Mark D. Cook, another winner of the U.S. Investing Championship, shares that his turnaround to success was his development of the Cumulative Tick Indicator. This is based on the number of NYSE stocks whose last trade was an uptick minus the number whose last trade was a downtick, thereby functioning as an indicator for an overbought or oversold market.
President and CEO of Alpha Financial Technologies Victor Sperandeo also credits technical analysis and proper risk management as crucial parts of his success. He has had a string of 18 profitable years at an average return of 72% using a life expectancy component to bullish or bearish moves, eventually creating the Diversified Trends Indicator, the Commodity Trends Indicator, and the Financial Trends Indicator.
Reviewing Forbes’ lists of richest investors also shows that market technicians have been able to score several spots. In 2012, James Simons or the “Quant King” made it to the 82nd spot with 11 billion USD in net worth. He is a mathematician and founder of Renaissance Technologies, which is a hedge fund that uses computer algorithms to analyse and trade securities. To be sure, Simons does not make trades based off of simple RSI readings, Elliot Wave or MACD signals but he is using a much more advanced for of quantitative analysis that could conceivably be referred to as technical analysis.
Not too far behind is Bridgewater Associates founder Ray Dalio who makes use of technical analysis to identify mispriced assets based on fundamental information. When it comes to making investment decisions, his fund employs well-defined systems and processes that are back-tested and stress-tested across different time periods.
Paul Tudor Jones
Paul Tudor Jones II, who created the Tudor Investment Corp in 1983 with just $300,000 under management, saw its assets rise to $12 billion by 2012 at an annual return of 24%. He is known for predicting the 1987 stock market crash based on his analysis of how derivatives were being used then. He is a swing trader, trend-follower, and makes use of Elliott Wave analysis, believing that price moves first and fundamentals come second.
Finally, David Harding of Winton Capital employs trend following methods and statistical modelling to trade futures and stocks and has been in operation since 1997, managing over $30 billion in assets. Winton uses the scientific method to develop advanced investment systems many of which are based on relatively simple concepts.

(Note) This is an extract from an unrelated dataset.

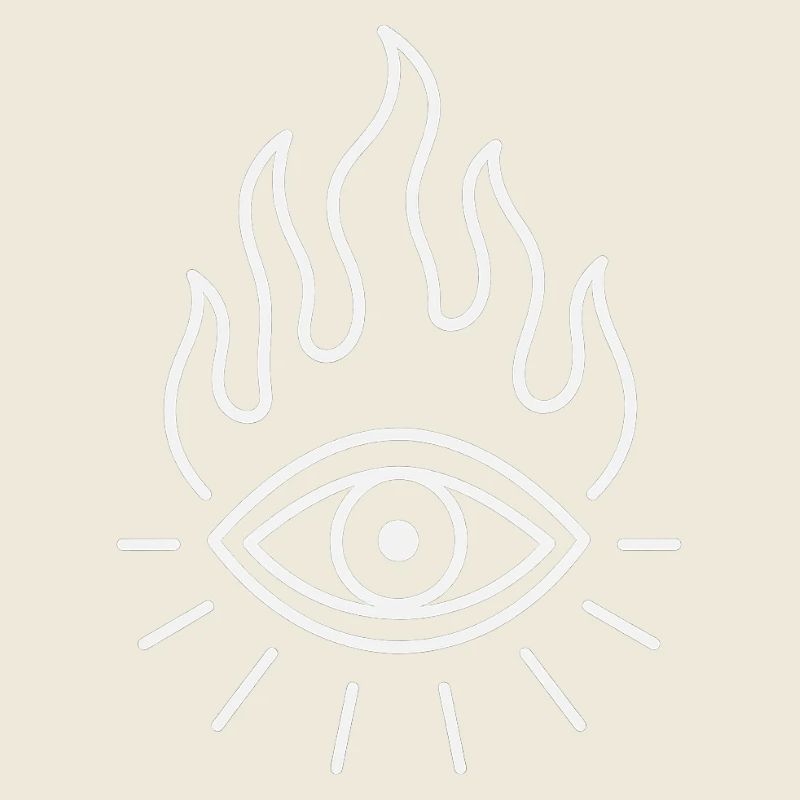 Oeil de feu - Symbole d’art au trait abstrait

It is probably true that the golden years of technical analysis are behind us. The rise of technology means that many simple patterns have been arbitraged out of profitability. Therefore it’s no longer enough to look at a couple of indicators on a chart and hope to make money from your trades. That being said, it’s fair to say that advanced methods of technical analysis are still being used in the markets and traders with vast experience are able to prosper with simple methods of TA.
From these examples, it’s fair to say that there are hedge funds and investment firms that do use technical analysis at varying degrees, sticking to strategies that have proved profitable in the past and they continue to do so.